What to do - An exact, picture-free copy of the listing is required.

Recorded data -
━━━━━━━━━━━━━━━━
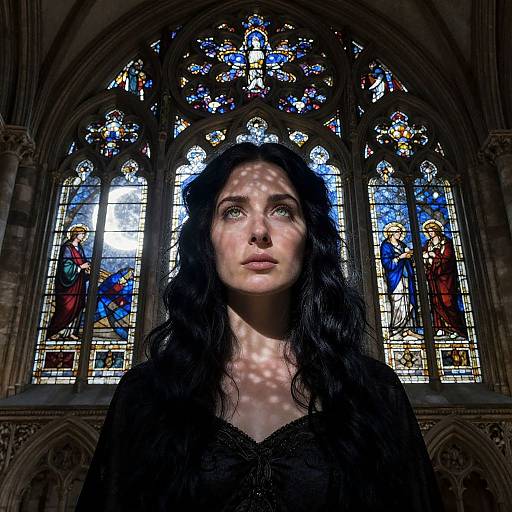 Photograph of a pale-skinned woman with long black hair, wearing a black dress, standing in front of a vibrant stained glass window in a Gothic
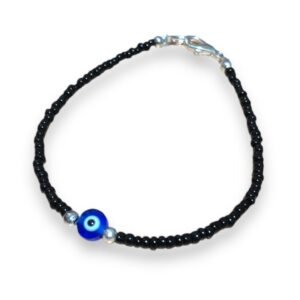 PULSERA MOSTACILLAS NEGRA OJO TURCO (P35529)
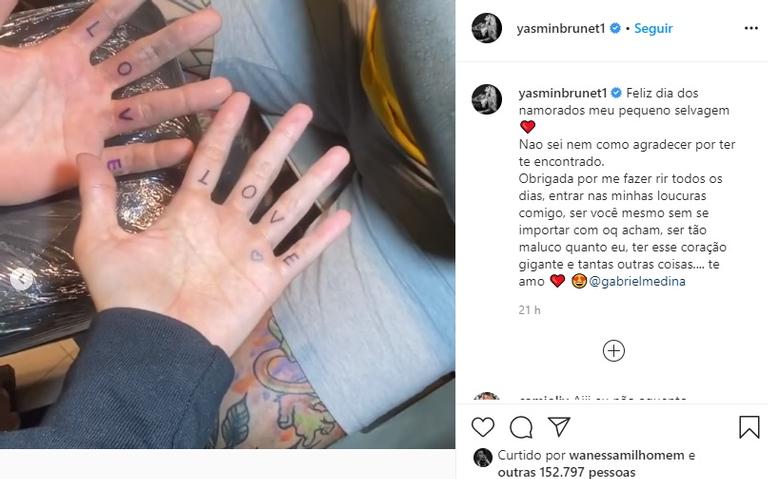 Yasmin Brunet e Gabriel Medina surpreendem com tatuagem de casal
━━━━━━━━━━━━━━━━
Result below -
 Photograph of a pale-skinned woman with long black hair, wearing a black dress, standing in front of a vibrant stained glass window in a Gothic
 PULSERA MOSTACILLAS NEGRA OJO TURCO (P35529)
 Yasmin Brunet e Gabriel Medina surpreendem com tatuagem de casal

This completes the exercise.